Orrick, Herrington & Sutcliffe dumped lockstep associate promotion on Wednesday and began assigning associates to one of three tiers within its partner track.
Now associates, instead of being a first-year, second-year and so on, will hold one of three titles: associate, managing associate and senior associate. Attorneys will have to meet certain criteria to advance from one level to the next.
The firm has said for months that it will depart from lockstep and move to a more merit-based promotion and compensation system, but had not revealed details.
Orrick will also create a nonpartner-track option for associates, and boost the number of staff attorneys doing more routine work like document review.
Orrick Chairman Ralph Baxter Jr. said the moves are meant to create a system in which clients aren't paying for unnecessary costs.
"Why do clients complain so much about how much first-year associates are paid?" he asked. "They complain because they know that the work assigned to first-year associates could be done by people who aren't paid that much money. These additional pieces of our talent model will give us a much more robust set of alternatives in staffing matters, which in turn will address the concerns of clients that law firms incur costs that they don't need to incur in order to deliver the service."
Many associates were skeptical when the firm first started discussing the changes more than a year ago, but they became more comfortable as their concerns were addressed during multiple meetings, said a midlevel associate who spoke on condition of anonymity.

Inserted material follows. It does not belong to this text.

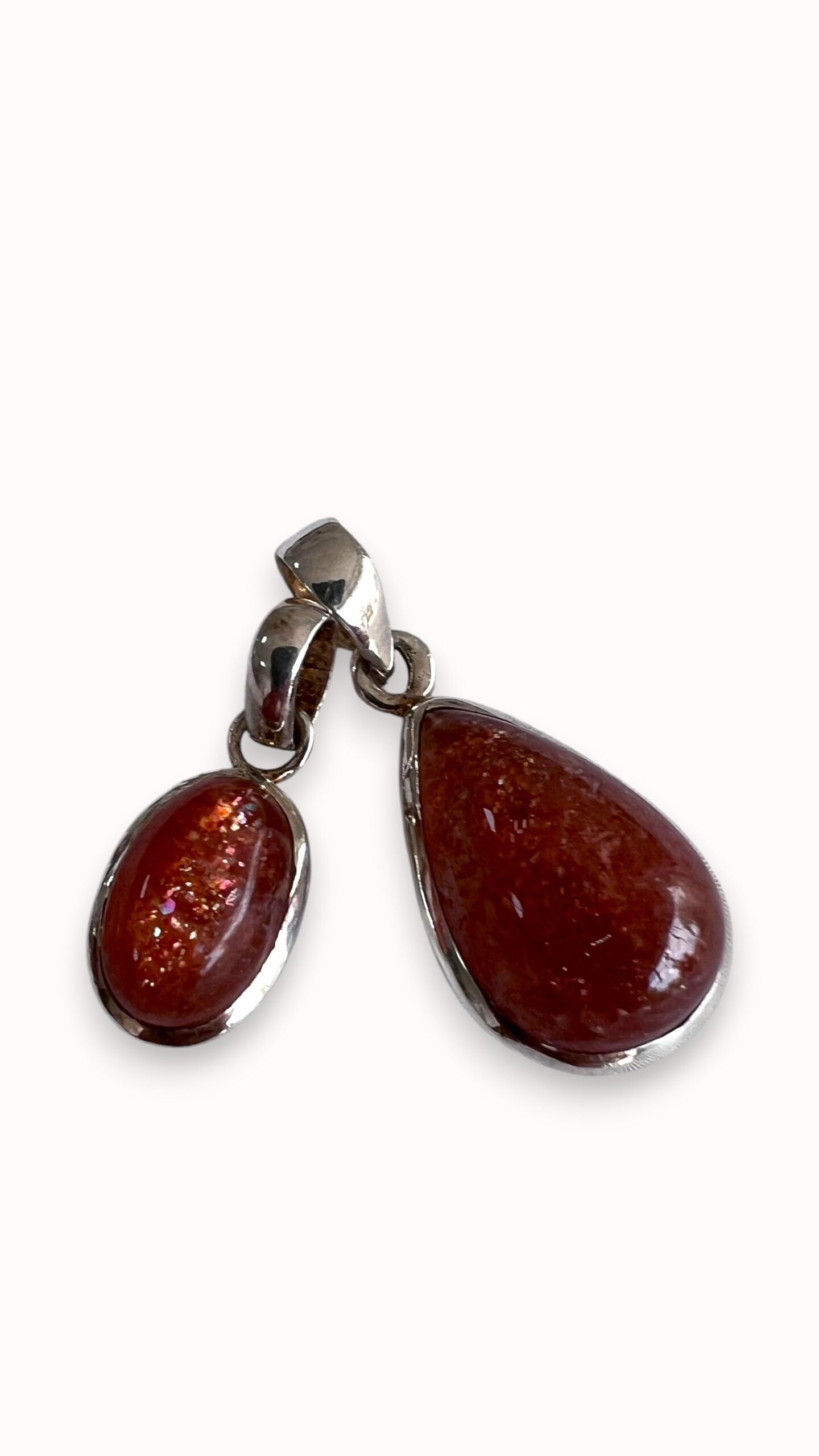 Dije piedra del sol engazado en plata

"The firm is good about trying to be transparent," the associate said. "We've had meetings galore along the way, getting input from us, things we were worried about, things we were unsure about.

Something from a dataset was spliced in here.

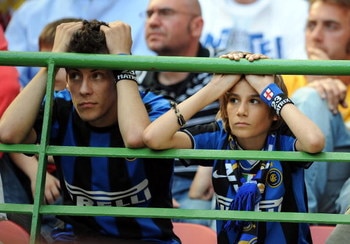 MILAN, ITALY - MAY 11:  Disappointed fans of Inter look at the Serie A match between Inter and Siena at the Stadio San Siro on May 11, 2008 in Milan, Italy.  (Photo by New Press/Getty Images)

"I give them the benefit of the doubt that it's probably a good thing for the firm," the associate continued. "If that's appealing to clients and that's going to keep us from being laid off down the line, that's a good thing."
Salary changes will not take place until 2010, but the firm said bonuses that aren't tied to billable hours will play a larger role in compensation.

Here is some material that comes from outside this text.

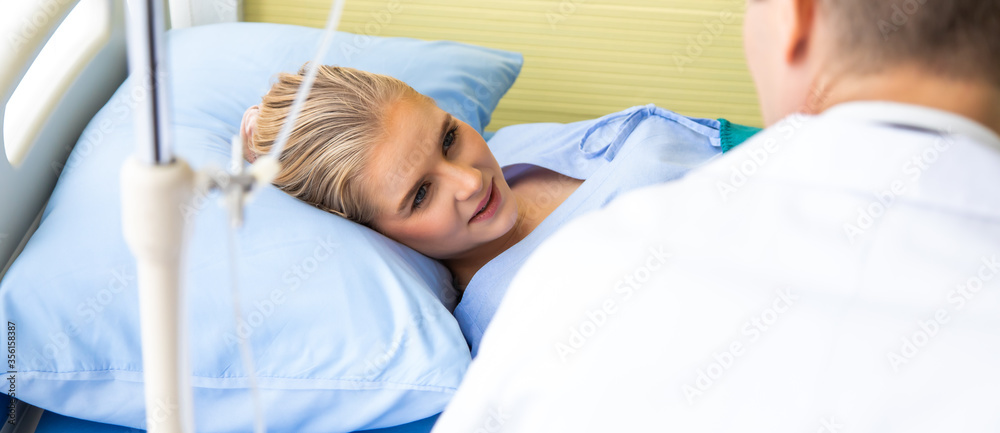 Doctor reassuring her female patient on bed at hospital room Doctor reassuring her female patient on bed at hospital room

Orrick's move comes as firms face immense client pressure to control costs. Clients are also increasingly unhappy with paying for inexperienced associates. Several firms have changed or are considering changing their staffing models not only to control costs but also be more flexible to the ebb and flow of demand for legal work.
Other firms have made similar changes, including Howrey, which last week said that its beginning associates will follow more of an apprenticeship in their first two years, and McDermott, Will & Emery, which 18 months ago launched a staff attorney program to handle tasks that could be billed at low rates.
DLA Piper is discussing alternative staffing models that include a nonpartner-track option for associates and more "flex-time" attorneys who can be tapped during busier times, according to a partner there who spoke on condition of anonymity. A firm spokesman said no decisions have been made.
McDermott Co-Chairman Jeffrey Stone said the number of staff attorneys has soared since its program launched. The firm considered outsourcing to India or using contract attorneys, but found quality issues. Permanent staff attorneys have been a good solution, he said.
"As a provider of legal services, one of the things you want to do is provide the spectrum of legal work, and you don't want to overcharge for any component of that spectrum," Stone said.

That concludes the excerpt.